Relatives and the U.S. government say the three were innocent tourists on an adventure hike in northern Iraq and accidentally crossed into Iran where they were arrested on July 31.
Shane Bauer, 27, Sarah Shourd, 31, and Josh Fattal, 27, have been held in Iran's Evin prison, where Swiss diplomats have visited them twice and said they are healthy.
The three graduates of the University of California at Berkeley had been trekking in Iraq's northern Kurdistan region, their relatives say.
The case recalled that of an American-Iranian journalist, Roxanna Saberi, who was arrested in Iran in January and convicted of espionage. After heavy pressure from the United States, she was freed on appeal in May and returned home — and several months later, the U.S. military released five Iranians it had held for more than two years.

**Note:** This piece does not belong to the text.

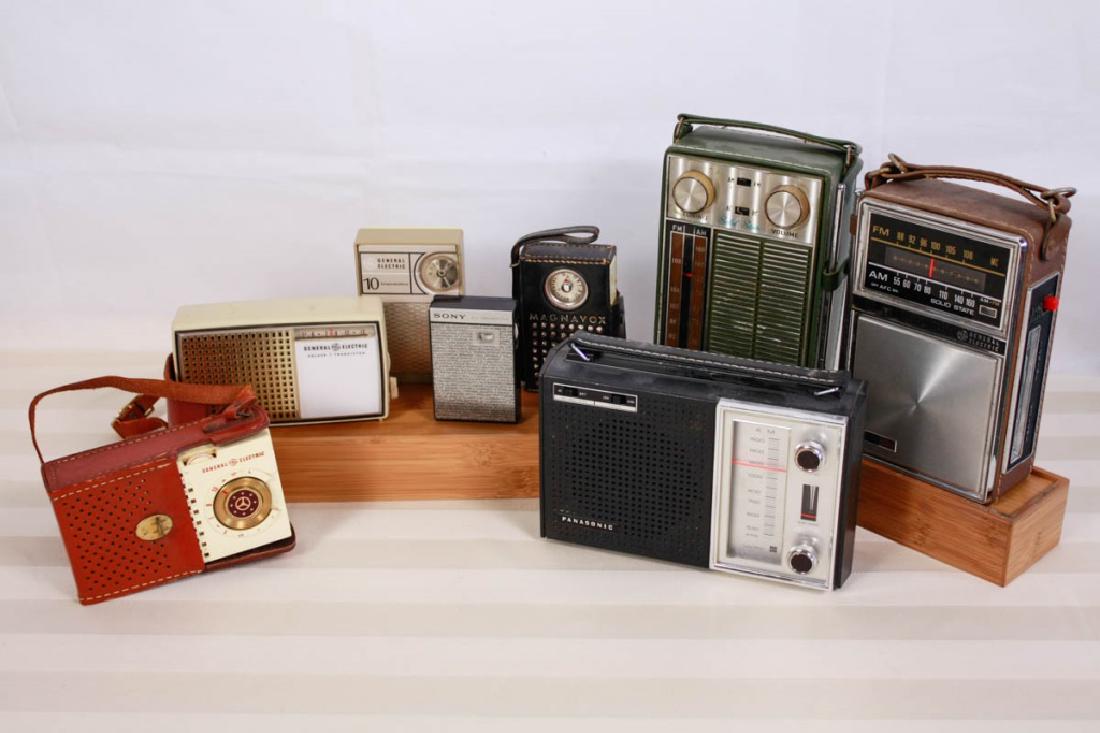 Vintage Portable Radios (8): Panasonic AM Radio, General Electric FM/AM Radio, Tempest AM/FM AC/DC Radio, General Electric AM Radio in cowhide case, Magnovox Transistor, Two General Electric Transistor, Sony Transistor. 8.5 H x 6
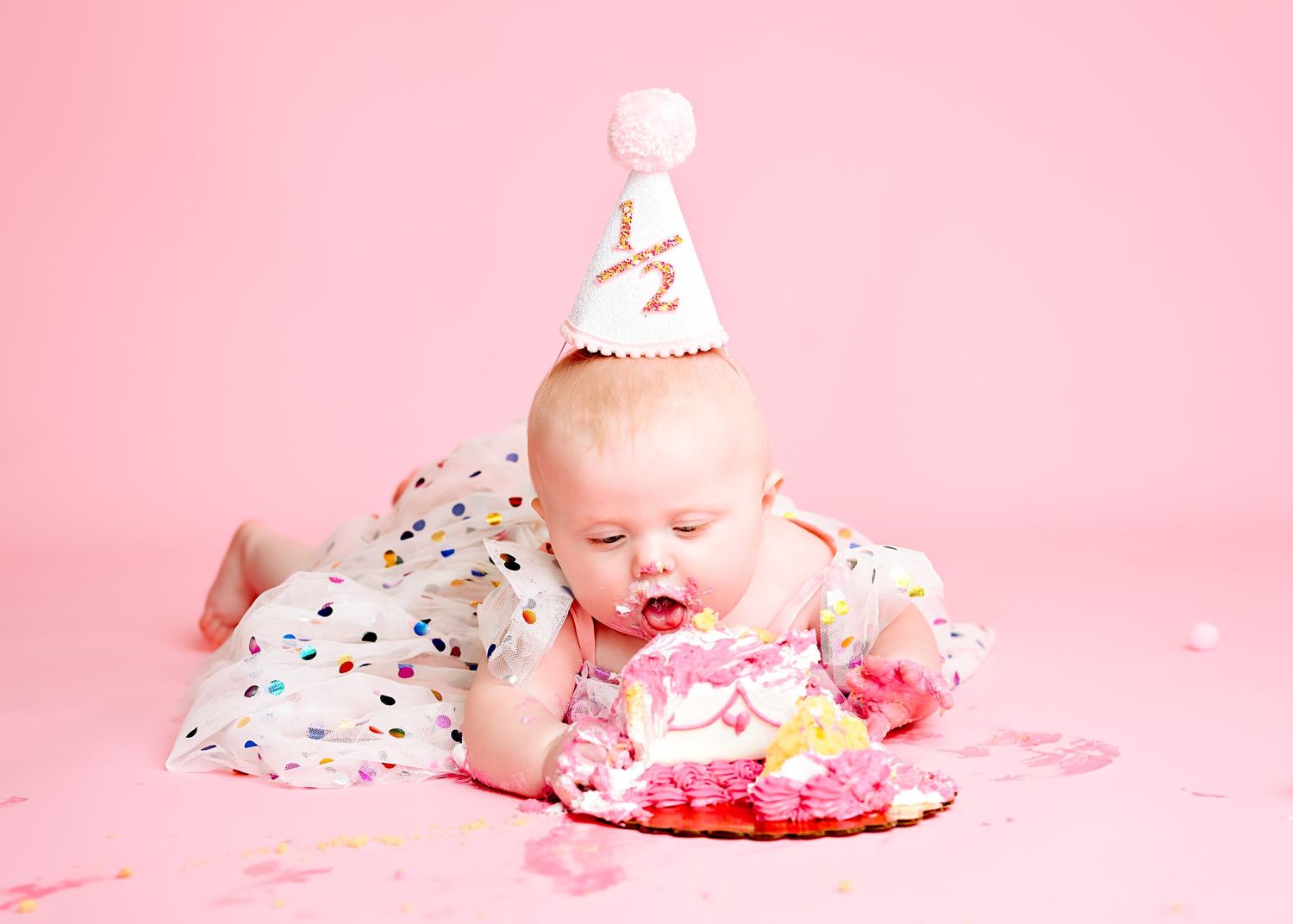 Pink themed cake smash photography setup with sprinkles and decorative elements.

The accusations against the three Americans could be a first step in a similar move by Iran to put them on trial and convict them, then arrange their release, aiming to get concessions.
Monday's announcement by Tehran's top prosecutor was the first official word from Iran of espionage allegations. Until now, Iranian officials have spoken about the Americans only in broad terms, saying even after months of questioning that they were still trying to determine why they had entered Iran.
The hikers' families declined interview requests by the Associated Press, but issued a statement saying "the allegations that our loved ones may have been engaged in espionage is untrue. It is entirely at odds with the people Shane, Sarah and Josh are and with anything that Iran can have learned about them since they were detained on July 31."
It added that the three have been held for more than 100 days "simply because they apparently strayed into Iran by accident while hiking in Iraqi Kurdistan. We again call on Iran to show compassion to our loved ones and release them without delay. This has already gone on for too long."
The White House also called for their release, and U.S. Secretary of State Hillary Rodham Clinton said in Berlin: "We believe strongly that there is no evidence to support any charge whatsoever."
Tehran chief prosecutor Abbas Jafari Dowlatabadi said the three "have been accused of espionage" and that investigations were continuing, according to the state news agency IRNA. "An opinion (on their case) will be given in the not-distant future," he said.
It was not clear from his comments whether formal charges had been filed, since the word in Farsi he used could mean either "accused" or "charged." But it was a signal that Iranian authorities intend to prosecute them — and on far stiffer charges than simply accidentally crossing the border.
In Iran's opaque judicial system, the process of indictment and trial often take place behind closed doors.